Utilized the SMD pre-soldered JFETS (J201) from PedalPCB. Did some weird jumpering on Q1 and Q2 and soldered in some pin headers for Q3. Not the most eloquent work but I am getting “voltages” on the Drain (see below).
These are voltages:

Q1 Drain: 3.9
Q2 Drain: 4
Q3 Drain: 4.36

I am willing to concede that reflowing my joints will help in the problem; however, I’m clueless as to why or how the signal is dropping from C6. I’ve even gone so far as to replace the part/component under the guise that I was faulty. Despite my efforts, the pedal is still not functioning and no signal is passing through.


----------



## okstateblues (Oct 22, 2020)

Can you take a closer photo for details on the solder joints? Also I recommend some isopropyl alcohol and a scrubbing for the back of your board to help clear any residue from soldering


----------



## marksescon (Oct 23, 2020)

okstateblues said:


> Can you take a closer photo for details on the solder joints? Also I recommend some isopropyl alcohol and a scrubbing for the back of your board to help clear any residue from soldering


Good morning, here are the relevant photos.


----------



## okstateblues (Oct 23, 2020)

I would suggest reflowing your joints. Looks like your not getting full penetration through the board for both holes on the PCB. I would reflow all your joints just to clean them up a bit.
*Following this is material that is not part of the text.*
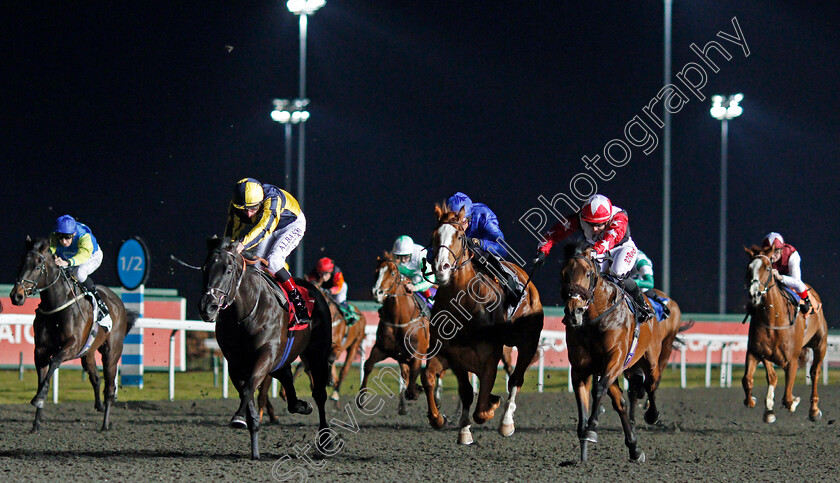 Come-On-Come-On-0002 
 COME ON COME ON (left, Adam Kirby) beats WARBURTON (centre) and INTENSE PLEASURE (right) in The Better Odds With Matchbook Novice Stakes Div2 Kempton 21 Mar 2018 - Pic Steven Cargill / Racingfotos.com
It may solve your issue. If you're new to soldering, youtube is quite helpful for tips and tricks.


----------



## marksescon (Oct 24, 2020)

okstateblues said:


> I would suggest reflowing your joints. Looks like your not getting full penetration through the board for both holes on the PCB. I would reflow all your joints just to clean them up a bit. It may solve your issue. If you're new to soldering, youtube is quite helpful for tips and tricks.


Thank you! I will work on those. 

I’ve actually built 20+ pedals; 10+ from PedalPCB. This is my first PedalPCB that hasn’t functioned. I think I went into this pedal with a poorly tinned iron, which is why some of the joints look really shady.


----------



## okstateblues (Oct 24, 2020)

I hear ya. I would start where signal dropped and continue down the that path to see if that cures your ails. If that doesn't work, we can continue troubleshooting


----------



## marksescon (Feb 10, 2021)

okstateblues said:


> I hear ya. I would start where signal dropped and continue down the that path to see if that cures your ails. If that doesn't work, we can continue troubleshooting


I know this is belated but I actually started from scratch from the new revision, and it works. I truly believe it was my shoddy soldering skills combined with my subpar soldering iron. But thanks for the assistance!


----------